Nurturing the Five Merits


Translated By Andrew Yang

A key to practicing Buddhism is generating a bodhicitta, that is, initiating a solemn vow that inspires oneself and others to attain Buddhahood. Specifically, developing a mind aimed at awakening by following the way of bodhisattvas benefits not just oneself but others as well by affording peace and joy through altruism.

Thus, in Buddhist language, cultivating a bodhicitta is seeking a path to Buddhahood and liberating all sentient beings. To achieve this goal, all bodhisattvas with the aspiring vow should strive to nurture five merits: faith, abstinence, hearing teachings, charity and wisdom.

To begin with, faith is firm belief and full confidence, and followers approach Buddhism foremost through faith in The Three Jewels of Buddha, Dharma and Sangha. The Mahayana Awakening of Faith lists four kinds of belief. “One is a belief in the root, rejoicing in thoughts of the true nature of things.
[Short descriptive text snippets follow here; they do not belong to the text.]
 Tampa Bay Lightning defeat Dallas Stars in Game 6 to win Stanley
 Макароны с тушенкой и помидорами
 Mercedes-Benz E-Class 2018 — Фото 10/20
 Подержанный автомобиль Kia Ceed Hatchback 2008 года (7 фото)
The second is a belief in Buddha’s immeasurable merit and virtue, being mindful that one should always think of him and stay close in support and veneration, to plant good roots and aspire to seek all wisdom. The third is a belief in the Dharma’s great benefit, always remembering to practise the various paramitas. The fourth is a belief that the sangha behaves righteously in all its practice to benefit itself and others, while keeping close to the bodhisattvas and practising what is learnt from them.” Only by faith along with perfect sincerity may practitioners devote themselves to cultivation with single-minded diligence. At the beginning of one’s practice, it is normal to have doubts or a poor understanding of the principles. What one needs to do is gain correct knowledge and experience through listening, thinking and practice, and resolve and remove doubts. Once the doubts are eliminated, a firm belief may be established, and thus it is said that elimination of doubts creates faith. As Treatise on the Great Virtue of Wisdom points out, “The great ocean of the Buddhist Dharma may be entered by faith. It may be crossed by wisdom”, indicating that faith is the gateway to Buddhism while wisdom is the means of liberation.
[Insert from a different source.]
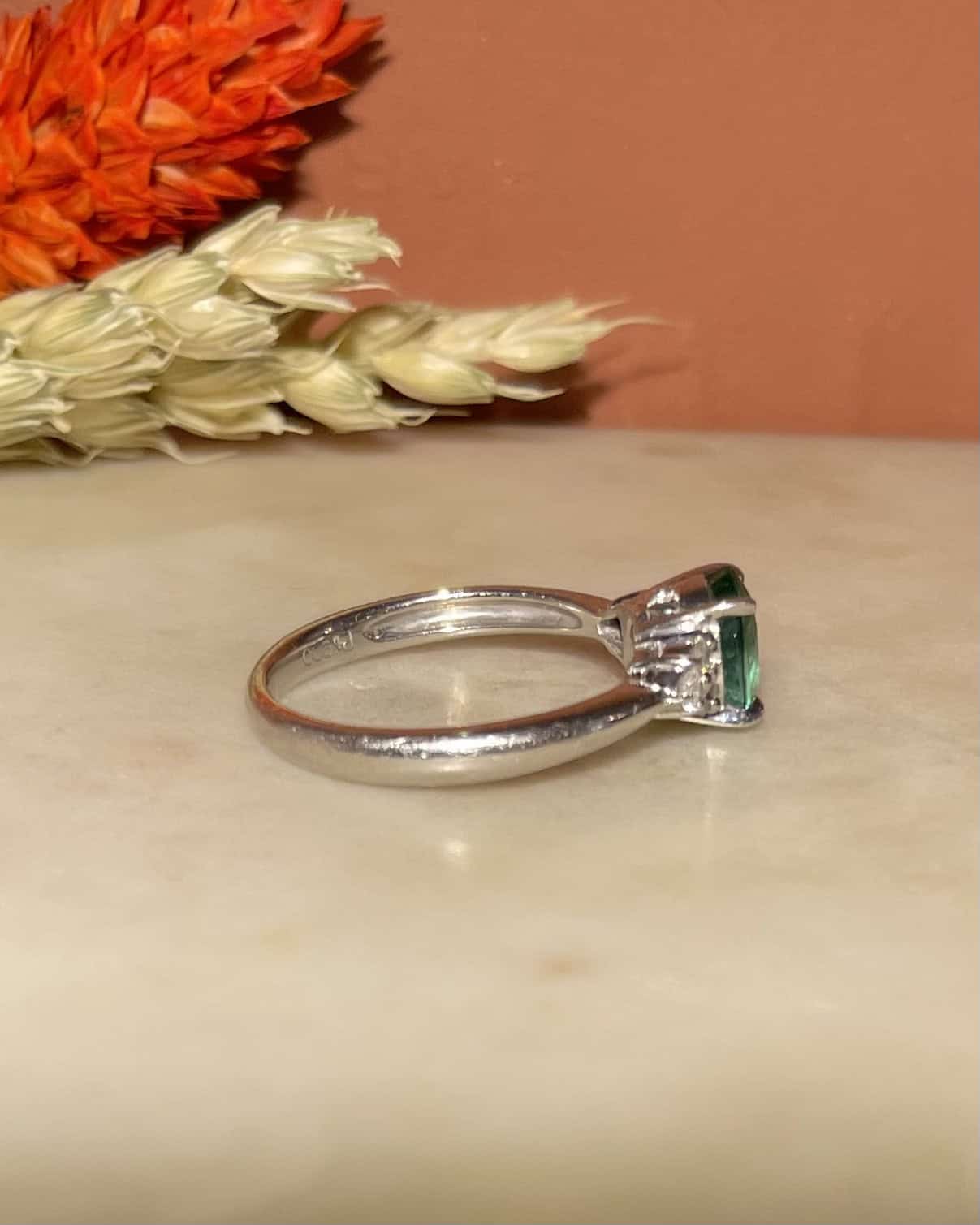 Bague Trilogie Tourmaline Verte 0.90 carat &amp; Diamants "Anilson"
The second merit is abstinence, which is observing precepts to prevent wrongdoing, stop evil, do good and increase blessedness. To observe precepts is to protect the purity of the mind, as only with a pure mind can we prevent wrongdoing and stop evil. Lay practitioners, too, must strictly follow the five Buddhist precepts: no killing, no stealing, no sexual misconduct, no lying and no consuming intoxicants. They are a foundation of human ethics and morality, with which individuals, families and society may follow one standard of behaviour, enabling all to live in peace and harmony. Furthermore, the five precepts coincide with the five constant virtues codified in Confucian ethics, i.e., benevolence, righteousness, propriety, wisdom and sincerity. Much like the two sides of a coin, the five precepts focus on stopping evil whereas the five virtues emphasize doing good. As one obeys the five precepts, the five virtues will follow and grow in the meantime.
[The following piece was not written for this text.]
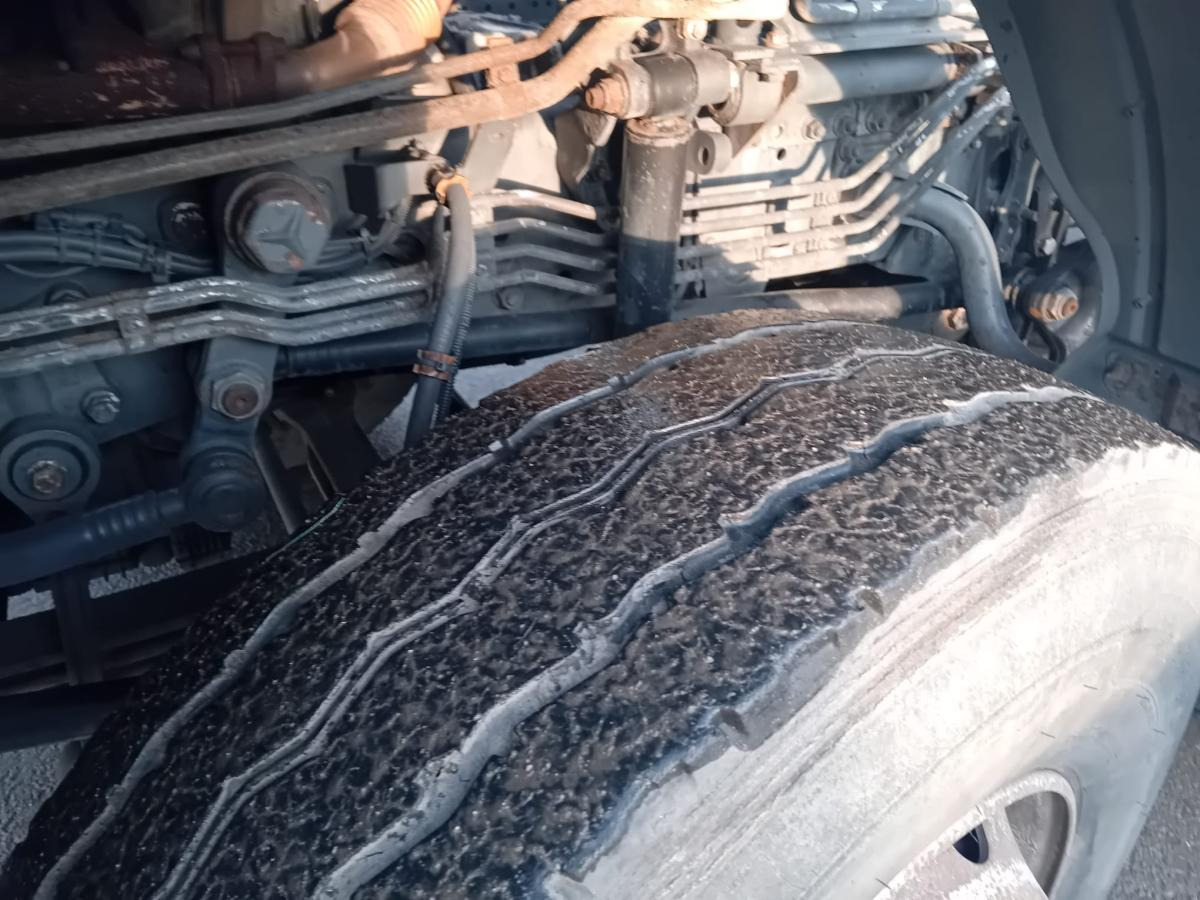 Camion benne Mercedes Actros 3236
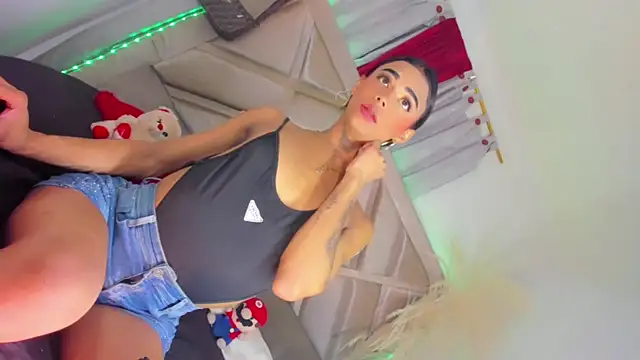 shopy horny online show from July 9, 4:48 am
The third is the merit of hearing. Practitioners with sincere faith and virtuous conduct have secured a prerequisite for cultivation. To continue, one must be exposed to the Dharma through hearing it, to be able to tell apart good and evil and grow an insight to rectify their way of thinking. Further, one must learn extensively the sacred teachings of the supramundane, understand the Dharma principles and practise them earnestly, to gain the so-called right knowledge, right view and right thinking. Scriptures say, “Through hearing, know what is good, what is evil and what is Nirvana.” Hearing teachings helps one know the Dharma, keep away from sins and immorality and attain Nirvana.

The fourth is the merit of charity. The foregoing three merits of faith, abstinence and hearing advocate self-help for the practitioner, but to cultivate Buddhism is to benefit others at the same time, and so one must practise a routine aimed specifically at this goal. The merit of charity uses generosity through sharing wealth, learning and spiritual support to achieve altruism.

The fifth merit is wisdom, known as prajna in Buddhism. It is pure wisdom free from defilement and is hence distinct from worldly intelligence. Mundane intelligence is defiled with an unwholesome differentiation between opposites such as good and evil, right and wrong, merit and demerit or advantage and disadvantage, and is entangled with agony and affliction. In contrast, Buddhist prajna is true and transcendent wisdom that does not increase with the sage nor decrease with the lay. It casts off all confusion, ignorance and delusional discrimination, enabling the cultivator to attain the true nature of all things in the universe. In order to bring forth this prajna through cultivation, one must start with hearing the Dharma and proceed with right thinking and right practice. With such amazing wisdom, one may attain bodhi, end the cycle of death and rebirth and free sentient beings from samsara.

Ladies and Gentlemen, if those who follow Buddhism assiduously practise and live up to these five merits of faith, abstinence, hearing, charity and wisdom, they may indeed grow into cultivators with a near-perfect character.